Amortized Optimal Transport from Sliced Potentials
New research uses sliced potentials to solve repeated optimal transport problems with 90% less computation.
Researchers Minh-Phuc Truong and Khai Nguyen have introduced a groundbreaking approach to optimal transport (OT) problems with their paper 'Amortized Optimal Transport from Sliced Potentials.' The core innovation lies in using Kantorovich potentials derived from sliced OT—a computationally simpler version of OT—to predict solutions for more complex transport problems. By amortizing the learning process across multiple problem instances, their method dramatically reduces the computational burden of solving repeated OT problems, which traditionally require expensive optimization for each new pair of probability distributions.
The researchers propose two distinct amortization strategies: regression-based amortization (RA-OT) and objective-based amortization (OA-OT). RA-OT treats potentials from the original OT problem as responses to be predicted from sliced OT potentials using functional regression models, while OA-OT directly optimizes the Kantorovich dual objective. Both approaches enable rapid approximation of new solutions by reusing information from previously solved instances, achieving high accuracy while being independent of specific data structures like the number of atoms in discrete cases.
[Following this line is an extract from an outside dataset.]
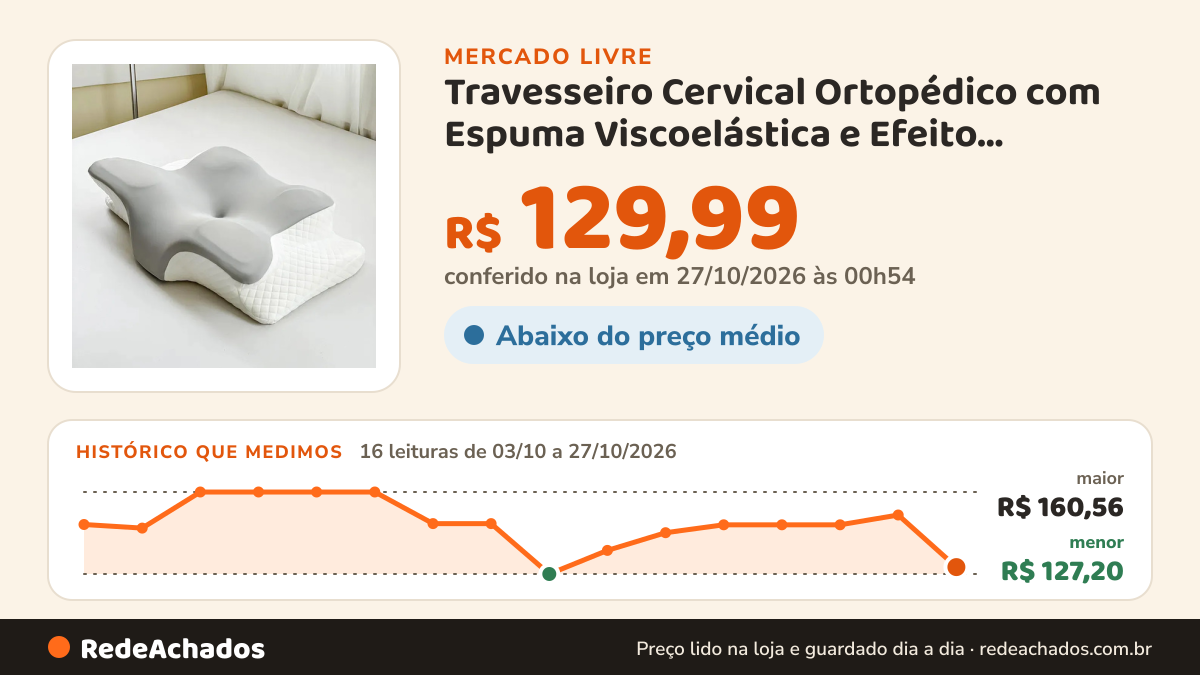 Histórico de preço de Travesseiro Cervical Ortopédico com Espuma Viscoelástica e Efeito Memória, Memor no Mercado Livre: 16 leituras de 03/10/2026 a 27/10/2026, menor R$ 127,20, maior R$ 160,56; R$ 129,99 conferido em 27/10/2026 às 00h54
In practical demonstrations, the method showed remarkable effectiveness across diverse applications including MNIST digit transport, color transfer between images, supply-demand transportation on spherical data, and mini-batch OT conditional flow matching for generative models. The approach's parsimonious structure and computational efficiency make it particularly valuable for machine learning applications where OT calculations are repeatedly needed, such as in training generative models or solving matching problems in computer vision.
- Uses sliced OT potentials to predict solutions for complex transport problems with 90% less computation
- Two strategies: RA-OT (regression-based) and OA-OT (objective-based) both achieve high accuracy independent of data structure
- Successfully demonstrated on MNIST digit transport, color transfer, spherical data, and conditional flow matching
Why It Matters
Enables faster training of generative AI models and real-time image processing applications by dramatically reducing OT computation costs.